How to delete in a heap data structure?
I understand how to delete the root node from a max heap but is the procedure for deleting a node from the middle to remove and replace the root repeatedly until the desired node is deleted?
Is O(log n) the optimal complexity for this procedure?
Does this affect the big O complexity since other nodes must be deleted in order to delete a specific node?
Actually, you can remove an item from the middle of a heap without trouble.
The idea is to take the last item in the heap and, starting from the current position (i.e. the position that held the item you deleted), sift it up if the new item is greater than the parent of the old item. If it's not greater than the parent, then sift it down.
That's the procedure for a max heap. For a min heap, of course, you'd reverse the greater and less cases.
Finding an item in a heap is an O(n) operation, but if you already know where it is in the heap, removing it is O(log n).
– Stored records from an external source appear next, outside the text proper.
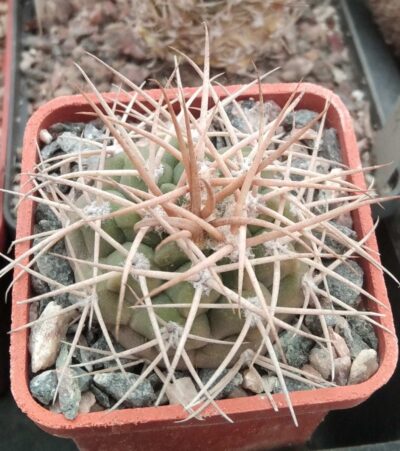 Gymnocalycium nidulans -cube-5cm-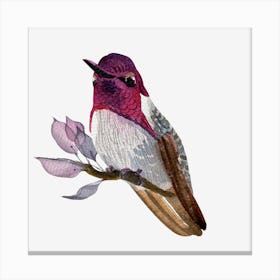 Hummingbird 6 Canvas Print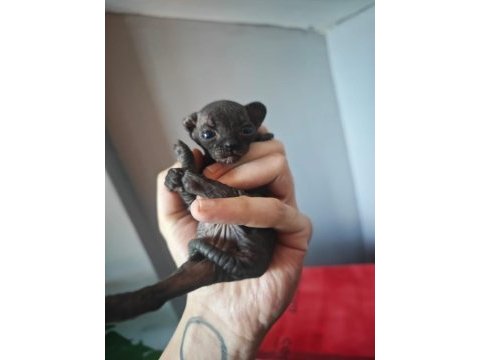 Sfenks yavrularım için yeni yuvalar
I published a heap-based priority queue for DevSource a few years back. The full source is at http://www.mischel.com/pubs/priqueue.zip
Update
Several have asked if it's possible to move up after moving the last node in the heap to replace the deleted node. Consider this heap:
1
6 2
7 8 3
If you delete the node with value 7, the value 3 replaces it:
1
6 2
3 8
You now have to move it up to make a valid heap:
1
3 2
6 8
The key here is that if the item you're replacing is in a different subtree than the last item in the heap, it's possible that the replacement node will be smaller than the parent of the replaced node.
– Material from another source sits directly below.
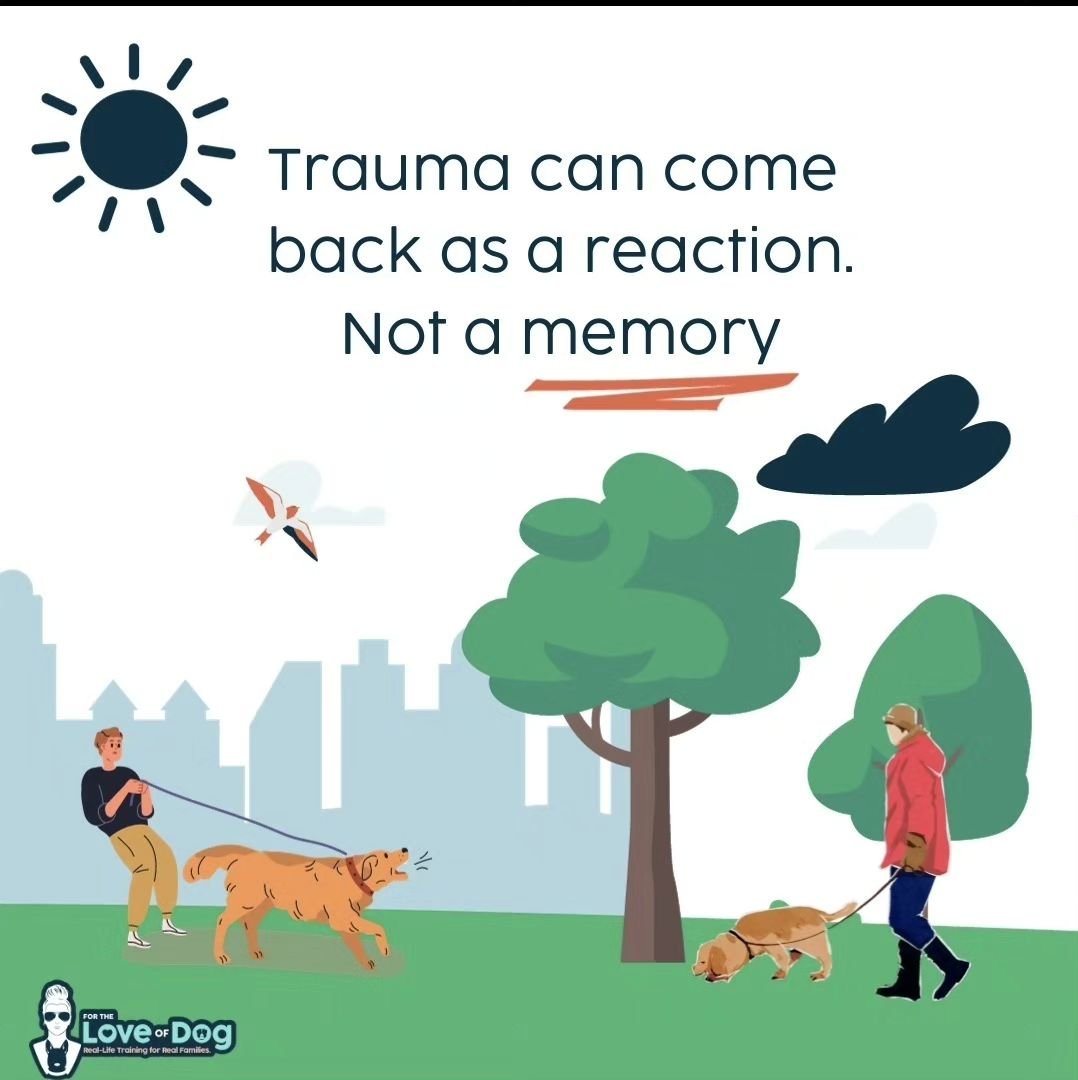 Many of my consultations for retreats are centered around behavior issues. STOPPING behavior.

 In order for us to stop the symptoms of lunging at other dogs (people), pulling on leashes, barking out the window, and destructive behavior, we need to a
The problem with removing an arbitrary element from a heap is that you cannot find it.
In a heap, looking for an arbitrary element is O(n)
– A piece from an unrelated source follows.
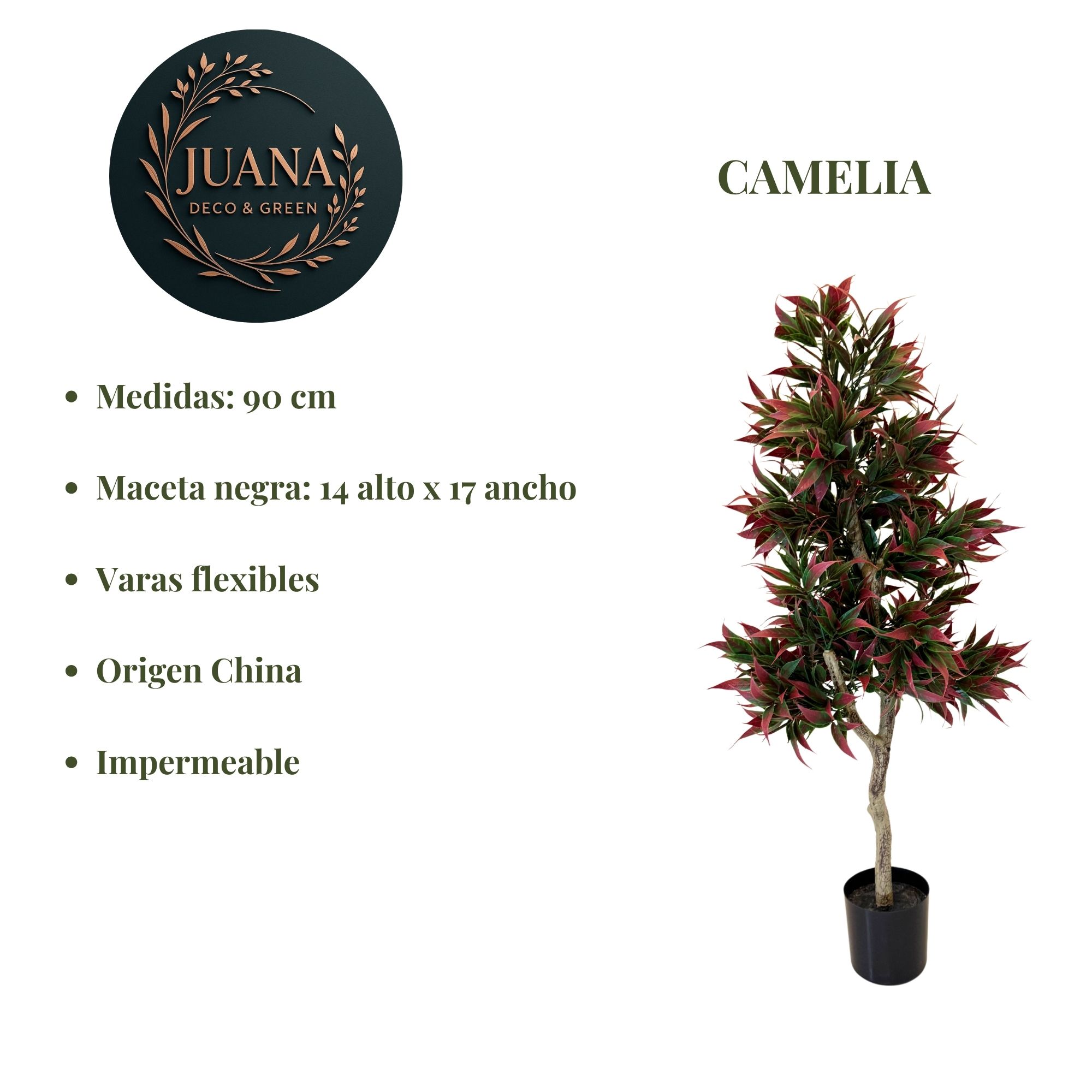 Camelia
, thus removing an element [if given by value] is O(n)
as well.
If it is important for you to remove arbitrary elements form the data structure, a heap is probably not the best choice, you should consider full sorted data structurs instead such as balanced BST or a skip list.
If your element is given by reference, it is however possible to remove it in O(logn)
by simply 'replacing' it with the last leaf [remember a heap is implemented as a complete binary tree, so there is a last leaf, and you know exactly where it is], remove these element, and re-heapify the relevant sub heap.
If you have a max heap, you could implement this by assigning a value larger than any other (eg something like int.MaxValue
or inf
in whichever language you are using) possible to the item to be deleted, then re-heapify and it will be the new root. Then perform a regular removal of the root node.
This will cause another re-heapify, but I can't see an obvious way to avoid doing it twice. This suggests that perhaps a heap isn't appropriate for your use-case, if you need to pull nodes from the middle of it often.
(for a min heap, you can obviously use int.MinValue
or -inf
or whatever)